Bien que le glissement vers une conception positive de l'erreur ait déjà été amorcé avec le plan d'études de 1989, le référentiel de 2008 souligne explicitement son rôle bénéfique pour la régulation de l'enseignement et de l'apprentissage : « Dans la perspective d'aide à l'apprentissage, l'erreur change de statut : au lieu d'être considérée comme lacune, comme un manque, l'erreur peut devenir bénéfique dans le sens qu'elle permet de comprendre la logique de l'élève et la cause de l'erreur. Elle devient le moteur de l'apprentissage par le travail qu'elle suscite. L'enseignant peut ainsi amener l'élève à prendre conscience des procédures et des connaissances utilisées et l'aider à construire de nouvelles stratégies » (MENFP, 2008b, p. 25). Quant à l'évaluation certificative, elle est placée dans les mains d'une équipe de cycle qui a pour
mission de dresser le bilan des apprentissages à la fin du cycle. Les enseignants doivent alors rendre compte du niveau atteint dans les compétences disciplinaires. Ce bilan doit également contenir des renseignements adressés aux enseignants du cycle suivant afin de les aider à offrir aux élèves les mesures d'aide ou d'enrichissement répondant à leurs besoins.
Que sait-on des pratiques d'évaluation en classe ?
Trois grandes catégories d'évaluation des acquis des élèves
Les apprentissages scolaires des élèves dans l'enseignement obligatoire luxembourgeois sont évalués au travers de trois types d'épreuves : les évaluations réalisées par les enseignants dans leur classe, les évaluations externes nationales (épreuves communes, épreuves du passage primaire-secondaire, épreuves du monitoring) et les évaluations internationales9 (essentiellement PIRLS10 et PISA). Le tableau 1 donne une vue synthétique des évaluations nationales et internationales conduites dans l'enseignement obligatoire au
Luxembourg. Tableau 1
Évaluations nationales et internationales au Luxembourg
Appellations Année d'étude Périodicité/ participation
Évaluations nationales Épreuves standardisées en mathématiques, allemand et fiançais (monitoring) Début de 3e primaire (cycle 3) Début de 5e/9e ES/EST Annuelle depuis 2008
Épreuves standardisées du passage primaire-postprimaire Fin de 6e année primaire Annuelle depuis 1996
Épreuves communes En milieu de5s/9s Es/EST Annuelle depuis 2003
Évaluations internationales Progress in International Reading Literacy Study (PIRLS) 5e année primaire (cycle 4) PIRLS 2006
Programme international pour le suivi des acquis des élèves (PISA) Élèves âgés de 15 ans PISA 2000 PISA 2003 PISA 2006 PISA 2009
Note : ES : Enseignement secondaire.

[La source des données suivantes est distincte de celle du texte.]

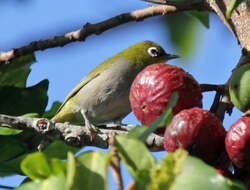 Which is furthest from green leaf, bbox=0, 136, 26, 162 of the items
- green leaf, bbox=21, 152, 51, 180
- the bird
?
the bird

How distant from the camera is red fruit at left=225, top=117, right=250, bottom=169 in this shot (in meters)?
2.21

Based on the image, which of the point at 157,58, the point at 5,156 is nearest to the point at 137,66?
the point at 157,58

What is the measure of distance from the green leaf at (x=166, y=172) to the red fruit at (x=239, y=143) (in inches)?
29.9

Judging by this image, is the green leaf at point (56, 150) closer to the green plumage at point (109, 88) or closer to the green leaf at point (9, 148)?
the green leaf at point (9, 148)

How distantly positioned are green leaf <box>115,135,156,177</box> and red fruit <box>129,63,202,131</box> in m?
0.95

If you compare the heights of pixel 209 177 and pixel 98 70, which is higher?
pixel 209 177

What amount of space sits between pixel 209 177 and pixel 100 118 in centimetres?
532

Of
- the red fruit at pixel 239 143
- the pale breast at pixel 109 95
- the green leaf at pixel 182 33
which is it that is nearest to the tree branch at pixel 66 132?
the red fruit at pixel 239 143

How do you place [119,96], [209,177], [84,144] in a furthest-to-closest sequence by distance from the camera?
[119,96], [84,144], [209,177]

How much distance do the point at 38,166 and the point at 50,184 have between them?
15 cm

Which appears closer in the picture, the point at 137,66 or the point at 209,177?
the point at 209,177

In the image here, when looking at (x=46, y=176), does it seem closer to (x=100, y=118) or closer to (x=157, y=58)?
(x=100, y=118)

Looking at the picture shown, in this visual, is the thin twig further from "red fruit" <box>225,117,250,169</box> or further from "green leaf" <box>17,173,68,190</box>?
"red fruit" <box>225,117,250,169</box>

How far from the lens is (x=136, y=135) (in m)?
1.83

EST : enseignement secondaire technique.
Des études internationales, on retiendra que le système scolaire luxembourgeois apparaît, comparativement aux systèmes scolaires des autres pays, comme trop peu efficace et trop peu équitable au regard des moyens qui y sont investis.

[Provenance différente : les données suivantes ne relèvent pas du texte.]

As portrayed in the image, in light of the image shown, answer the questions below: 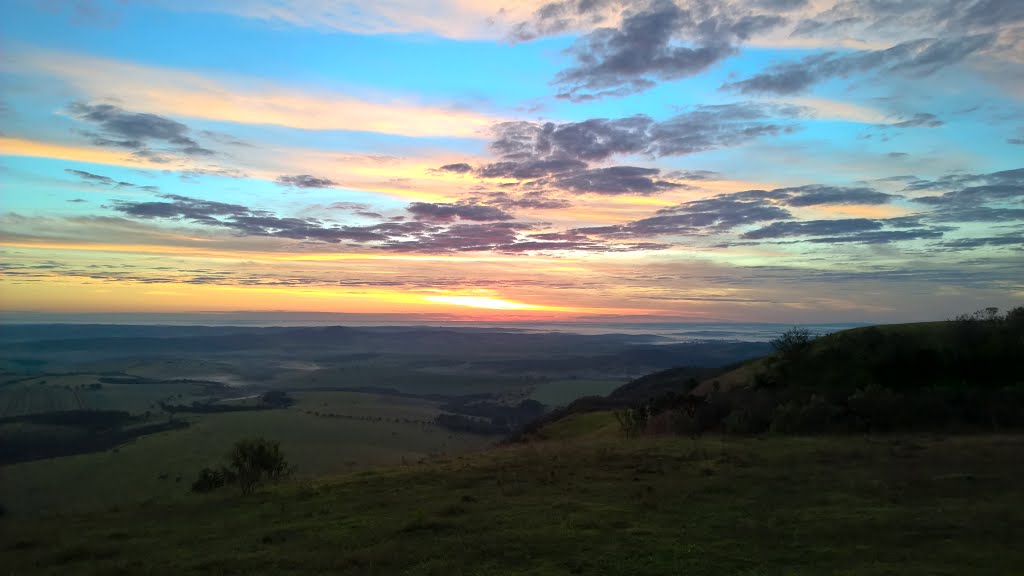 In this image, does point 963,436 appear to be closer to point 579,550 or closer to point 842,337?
point 842,337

Les épreuves standardisées conduites en 3e année primaire et en 5e/9e ES/EST sont des évaluations nationales assez récentes. Elles poursuivent actuellement un double objectif:
1. permettre un suivi longitudinal du système scolaire ;
2. donner aux écoles et aux enseignants un repère qui leur est externe et qui
permette d'éventuels ajustements.
Les épreuves standardisées du passage primaire-secondaire ont, quant à elles, exclusivement une fonction d'orientation des élèves vers les filières de l'enseignement secondaire (voir la partie 3).
Les épreuves communes sont élaborées de manière externe par des commissions d'enseignants. Elles ont pour objectif d'évaluer les savoirs et les savoir-faire des élèves dans une optique faisant référence à l'approche par les compétences. Les épreuves communes sont corrigées et notées par les titulaires de classe. Elles sont considérées comme un devoir en classe classique.
En ce qui concerne les évaluations réalisées par les enseignants en classe, il est très difficile, comme nous allons le voir, de savoir exactement ce qui se fait effectivement dans les classes.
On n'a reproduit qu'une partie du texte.